Now that you know how to bake and puree a pumpkin, what are you going to make with it?

Kendra
About Kendra 1116 Articles
A city girl learning to homestead on an acre of land in the country. Wife and homeschooling mother of four. Enjoying life, and everything that has to do with self sufficient living.

11 Comments

  1. I processed my last pumpkin of the year using this method and I absolutely love it. It was simple and easy to follow for sure..!

  2. FIRST OF ALL YOUR LITTLE GIRL IS SO ADORABLE SITTING WITH THAT PUMPKIN ON HER LAP. I HAVE NEVER COOKED A PUMPKIN BEFORE BUT I AM GOING TO DO IT NOW. MY FAMILY HAS BEEN MAKING HARVEST LOAF CAKE FOR OVER 45 YEARS. IT IS A PUMPKIN SPICE LOAF CAKE WITH NUTS AND CHOCOLATE CHIPS. I USUALLY MAKE SEVERAL SMALLER LOAVES DURING THE HOLIDAYS TO GIVE AS GIFTS TO FRIENDS AND NEIGHBORS.

    • I had to have her sit down with it ’cause it was so heavy, lol! I wish I’d weighed it before processing. I wanted to use my little girl to show the size of the pumpkin. She’s a precious angel. 🙂 Your harvest loaf sounds delicious! I do hope you try processing pumpkins for yourself. It’s worth the effort!

  3. Hi, I have been making my own pumpkin puree for about 30 years now. I never have put water in the pan the pumpkins have plenty of water in them already. I also do use whatever pumpkins I can get my hands on ( free ones ) and usually they are the carving type. I dont see much differnece in the taste altho they are a bit more stringy and need a bit more time in the processor. Also I always have washed my seeds, however this year I read an article saying NOT to do this since it washes away nutrients and vitamins. So I just squeezed the seeds out of the pulpy part and baked as usual. I must say they taste so much better! Thanks for all your information and tips you share.

    • Thanks for the pumpkin seed tip.
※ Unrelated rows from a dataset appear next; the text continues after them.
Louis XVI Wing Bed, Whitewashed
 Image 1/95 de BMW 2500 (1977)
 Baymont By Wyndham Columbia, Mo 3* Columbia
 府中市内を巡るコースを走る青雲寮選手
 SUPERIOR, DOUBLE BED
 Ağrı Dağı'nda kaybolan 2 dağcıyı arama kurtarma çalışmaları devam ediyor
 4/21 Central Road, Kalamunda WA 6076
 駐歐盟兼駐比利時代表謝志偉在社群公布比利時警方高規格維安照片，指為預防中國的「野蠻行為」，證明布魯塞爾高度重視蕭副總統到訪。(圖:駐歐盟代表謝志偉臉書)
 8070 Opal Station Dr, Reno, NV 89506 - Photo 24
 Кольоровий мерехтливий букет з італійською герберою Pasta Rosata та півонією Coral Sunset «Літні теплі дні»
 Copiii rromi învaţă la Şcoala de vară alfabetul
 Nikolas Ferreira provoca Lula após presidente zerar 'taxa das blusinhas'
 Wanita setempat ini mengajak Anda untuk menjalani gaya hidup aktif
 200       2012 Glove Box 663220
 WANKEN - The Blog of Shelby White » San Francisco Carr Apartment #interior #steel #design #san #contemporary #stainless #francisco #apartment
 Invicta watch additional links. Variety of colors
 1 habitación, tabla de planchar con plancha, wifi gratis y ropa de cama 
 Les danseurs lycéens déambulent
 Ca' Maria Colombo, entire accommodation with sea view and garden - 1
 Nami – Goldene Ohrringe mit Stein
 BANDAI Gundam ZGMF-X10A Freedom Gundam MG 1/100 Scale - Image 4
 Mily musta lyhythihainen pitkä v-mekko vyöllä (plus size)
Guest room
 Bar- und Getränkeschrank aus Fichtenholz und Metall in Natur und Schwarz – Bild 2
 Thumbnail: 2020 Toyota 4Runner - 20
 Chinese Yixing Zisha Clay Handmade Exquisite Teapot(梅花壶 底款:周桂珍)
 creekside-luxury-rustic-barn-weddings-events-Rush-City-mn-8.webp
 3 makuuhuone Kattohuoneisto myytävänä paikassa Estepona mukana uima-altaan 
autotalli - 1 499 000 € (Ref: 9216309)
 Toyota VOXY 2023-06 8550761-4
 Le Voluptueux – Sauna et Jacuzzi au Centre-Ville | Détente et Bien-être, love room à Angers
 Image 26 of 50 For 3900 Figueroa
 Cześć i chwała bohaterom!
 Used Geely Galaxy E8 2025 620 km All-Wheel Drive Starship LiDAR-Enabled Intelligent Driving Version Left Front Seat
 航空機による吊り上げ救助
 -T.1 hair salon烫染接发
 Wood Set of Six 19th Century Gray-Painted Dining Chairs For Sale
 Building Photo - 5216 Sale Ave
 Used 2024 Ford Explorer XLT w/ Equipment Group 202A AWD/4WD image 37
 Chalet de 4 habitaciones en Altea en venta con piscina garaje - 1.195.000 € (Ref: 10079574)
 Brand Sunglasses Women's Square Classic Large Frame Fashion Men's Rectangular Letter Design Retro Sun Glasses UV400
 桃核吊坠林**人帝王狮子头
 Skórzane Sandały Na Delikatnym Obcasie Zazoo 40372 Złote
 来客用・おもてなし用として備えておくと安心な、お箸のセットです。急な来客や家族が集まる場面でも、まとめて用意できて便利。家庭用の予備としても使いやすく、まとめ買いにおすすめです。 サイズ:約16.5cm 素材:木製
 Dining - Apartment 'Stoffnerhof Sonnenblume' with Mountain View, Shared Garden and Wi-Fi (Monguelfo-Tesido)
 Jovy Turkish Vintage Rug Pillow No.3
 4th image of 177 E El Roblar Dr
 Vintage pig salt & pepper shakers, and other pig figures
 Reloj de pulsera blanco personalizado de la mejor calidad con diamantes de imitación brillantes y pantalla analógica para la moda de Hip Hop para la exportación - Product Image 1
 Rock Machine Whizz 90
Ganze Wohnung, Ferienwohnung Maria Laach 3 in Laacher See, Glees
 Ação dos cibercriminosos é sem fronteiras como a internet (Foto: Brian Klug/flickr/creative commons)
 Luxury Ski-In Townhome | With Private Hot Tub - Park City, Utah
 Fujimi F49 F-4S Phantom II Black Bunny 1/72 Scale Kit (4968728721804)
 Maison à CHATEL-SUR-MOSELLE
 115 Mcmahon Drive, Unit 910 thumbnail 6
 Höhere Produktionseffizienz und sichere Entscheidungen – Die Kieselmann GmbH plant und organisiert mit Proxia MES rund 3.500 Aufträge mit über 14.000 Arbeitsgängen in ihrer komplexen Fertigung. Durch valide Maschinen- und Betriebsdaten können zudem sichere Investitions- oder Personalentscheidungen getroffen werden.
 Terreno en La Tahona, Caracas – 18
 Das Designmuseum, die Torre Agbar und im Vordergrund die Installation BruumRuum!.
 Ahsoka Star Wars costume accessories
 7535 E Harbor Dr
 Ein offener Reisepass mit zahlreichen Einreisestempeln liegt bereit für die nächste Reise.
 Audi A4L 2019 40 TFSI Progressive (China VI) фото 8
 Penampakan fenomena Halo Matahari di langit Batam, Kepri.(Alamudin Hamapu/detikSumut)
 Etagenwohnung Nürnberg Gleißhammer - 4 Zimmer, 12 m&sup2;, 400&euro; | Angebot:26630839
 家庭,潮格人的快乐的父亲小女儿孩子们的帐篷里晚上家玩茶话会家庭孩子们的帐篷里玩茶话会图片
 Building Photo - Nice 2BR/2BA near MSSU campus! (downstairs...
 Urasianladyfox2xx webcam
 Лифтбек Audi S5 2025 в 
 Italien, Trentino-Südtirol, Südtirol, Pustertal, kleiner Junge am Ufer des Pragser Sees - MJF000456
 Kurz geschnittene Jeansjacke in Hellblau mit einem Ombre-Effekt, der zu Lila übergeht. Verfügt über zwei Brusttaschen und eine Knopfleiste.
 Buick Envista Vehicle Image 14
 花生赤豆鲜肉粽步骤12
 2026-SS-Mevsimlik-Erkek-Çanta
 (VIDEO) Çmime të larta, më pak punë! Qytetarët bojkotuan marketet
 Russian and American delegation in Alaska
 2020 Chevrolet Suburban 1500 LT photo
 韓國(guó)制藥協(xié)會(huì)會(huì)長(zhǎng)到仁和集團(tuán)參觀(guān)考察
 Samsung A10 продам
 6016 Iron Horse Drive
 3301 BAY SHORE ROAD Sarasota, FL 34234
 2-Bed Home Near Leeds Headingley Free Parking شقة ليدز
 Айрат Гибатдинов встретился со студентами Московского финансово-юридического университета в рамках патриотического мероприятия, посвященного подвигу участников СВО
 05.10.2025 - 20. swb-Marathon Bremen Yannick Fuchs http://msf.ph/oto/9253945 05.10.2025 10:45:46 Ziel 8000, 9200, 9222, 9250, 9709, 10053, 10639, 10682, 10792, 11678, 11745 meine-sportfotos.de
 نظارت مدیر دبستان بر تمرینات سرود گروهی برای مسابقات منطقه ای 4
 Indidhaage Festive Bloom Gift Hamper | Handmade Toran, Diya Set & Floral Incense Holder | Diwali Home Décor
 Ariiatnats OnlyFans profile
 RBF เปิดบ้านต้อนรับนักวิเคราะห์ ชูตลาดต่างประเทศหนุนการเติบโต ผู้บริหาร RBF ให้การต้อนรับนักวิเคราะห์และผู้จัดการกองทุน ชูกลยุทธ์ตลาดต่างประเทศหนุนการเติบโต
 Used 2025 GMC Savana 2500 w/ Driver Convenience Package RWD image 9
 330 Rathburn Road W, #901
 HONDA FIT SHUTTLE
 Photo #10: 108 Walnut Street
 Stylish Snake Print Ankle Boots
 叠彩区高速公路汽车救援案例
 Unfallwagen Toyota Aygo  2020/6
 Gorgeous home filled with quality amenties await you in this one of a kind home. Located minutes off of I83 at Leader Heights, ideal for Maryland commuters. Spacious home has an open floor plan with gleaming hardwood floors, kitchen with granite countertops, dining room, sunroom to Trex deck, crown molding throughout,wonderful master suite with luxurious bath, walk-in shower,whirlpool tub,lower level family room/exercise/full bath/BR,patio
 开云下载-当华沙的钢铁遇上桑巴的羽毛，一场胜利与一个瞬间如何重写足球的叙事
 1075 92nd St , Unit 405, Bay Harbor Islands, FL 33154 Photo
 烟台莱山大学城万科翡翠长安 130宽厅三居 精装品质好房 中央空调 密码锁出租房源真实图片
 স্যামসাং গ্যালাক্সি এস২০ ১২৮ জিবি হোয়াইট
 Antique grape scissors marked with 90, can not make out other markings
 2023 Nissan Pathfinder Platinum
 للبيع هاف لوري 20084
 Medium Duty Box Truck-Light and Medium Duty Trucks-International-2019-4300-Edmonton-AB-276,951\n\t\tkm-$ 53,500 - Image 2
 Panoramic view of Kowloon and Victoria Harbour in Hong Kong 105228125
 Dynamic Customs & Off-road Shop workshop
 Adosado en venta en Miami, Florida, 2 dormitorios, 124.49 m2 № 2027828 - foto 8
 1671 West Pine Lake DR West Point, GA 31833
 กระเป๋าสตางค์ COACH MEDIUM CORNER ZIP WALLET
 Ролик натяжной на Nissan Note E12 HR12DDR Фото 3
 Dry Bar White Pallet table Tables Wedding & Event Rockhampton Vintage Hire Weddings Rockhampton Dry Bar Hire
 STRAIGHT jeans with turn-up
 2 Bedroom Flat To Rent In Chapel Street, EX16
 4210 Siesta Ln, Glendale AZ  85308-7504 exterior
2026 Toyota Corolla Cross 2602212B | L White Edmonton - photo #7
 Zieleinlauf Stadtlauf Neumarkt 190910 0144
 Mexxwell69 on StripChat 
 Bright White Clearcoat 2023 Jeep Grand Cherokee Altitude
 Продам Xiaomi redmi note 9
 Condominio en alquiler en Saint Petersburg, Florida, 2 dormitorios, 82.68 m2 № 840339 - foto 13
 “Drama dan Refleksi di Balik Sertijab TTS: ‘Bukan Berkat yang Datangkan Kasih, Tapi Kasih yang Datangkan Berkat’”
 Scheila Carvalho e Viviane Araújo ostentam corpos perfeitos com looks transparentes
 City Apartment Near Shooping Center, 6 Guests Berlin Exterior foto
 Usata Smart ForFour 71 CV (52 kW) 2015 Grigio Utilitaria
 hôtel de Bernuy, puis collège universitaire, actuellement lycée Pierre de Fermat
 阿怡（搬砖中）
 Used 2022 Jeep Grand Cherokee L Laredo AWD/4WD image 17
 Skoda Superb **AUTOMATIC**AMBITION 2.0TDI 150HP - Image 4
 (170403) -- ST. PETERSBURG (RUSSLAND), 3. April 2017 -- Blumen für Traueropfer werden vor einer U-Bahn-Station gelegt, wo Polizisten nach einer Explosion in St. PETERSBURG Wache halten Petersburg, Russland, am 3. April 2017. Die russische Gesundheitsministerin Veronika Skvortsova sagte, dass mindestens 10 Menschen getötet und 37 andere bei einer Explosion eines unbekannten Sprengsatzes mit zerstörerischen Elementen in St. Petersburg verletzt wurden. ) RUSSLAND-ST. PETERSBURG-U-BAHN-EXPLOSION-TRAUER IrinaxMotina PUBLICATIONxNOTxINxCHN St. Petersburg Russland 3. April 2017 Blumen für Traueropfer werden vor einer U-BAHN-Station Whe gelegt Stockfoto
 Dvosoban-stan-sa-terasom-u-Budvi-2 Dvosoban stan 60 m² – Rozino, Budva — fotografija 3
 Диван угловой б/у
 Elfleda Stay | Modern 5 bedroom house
I’d not heard of this regarding the rinsing part, so next time, I won’t rinse!

      We also use butternut squash interchangeably with pumpkins, and, in my opinion, the butternut squash seeds taste a lot better.

    • I wonder if adding water effects the length of baking time, since the steam helps to soften the skin? It’s nice to know it’s optional, though 🙂

      Thank you for the tip on the pumpkin seeds. I’ve never heard that. I bet the leftover flesh on the seeds would taste good though.

  4. We go through a LOT of pumpkin in this house – the kids scarf up the muffins as soon as I can make them. My recipe only calls for a half-cup of puree (for six muffins), and I found that I could easily freeze the puree in half-cup lumps by measuring it into the muffin tin and freezing overnight. Come morning, pop them out and into a freezer bag. An ice-cube tray would hold about 2 tablespoons – perfect for stirring into oatmeal or yogurt.

  5. I love to bake pumpkins whole in the oven. I just knock off the stem, Poke a hole or two in it so it can vent, put the oven on 400 and let it go until it is easily pierced with a fork. That way it stays super duper moist. I do the same thing with butternut squash or any squash for that matter.

    Your punkin is beautiful!

    • I do the same thing with butternut squash. When I tell people that they are amazed. It is the heat that cooks and softens it, so may as well make it easier on yourself, lol. Why knock yourself out trying to cut through that tougher-than-brick skin when you don’t have to?

  6. I saw this and had to add 2 things – Meghan already beat me to one! I put a whole pumpkin in, stem and all. It’s a little harder in my opinion to scrape the seeds out after since it’s so soft, but it sure beats trying to cut them open! However, on that note, my hubby was willing to use a mitre saw on my pumpkins! When I wanted to do a bunch of them at the same time, he just went down to the basement, fired it up and came back quickly w/them all halved and ready to go! I was surprised – he promised he washed the blade first =) I now have a photo or 2 of him ‘sawing’ pumpkins open, wearing goggles and all!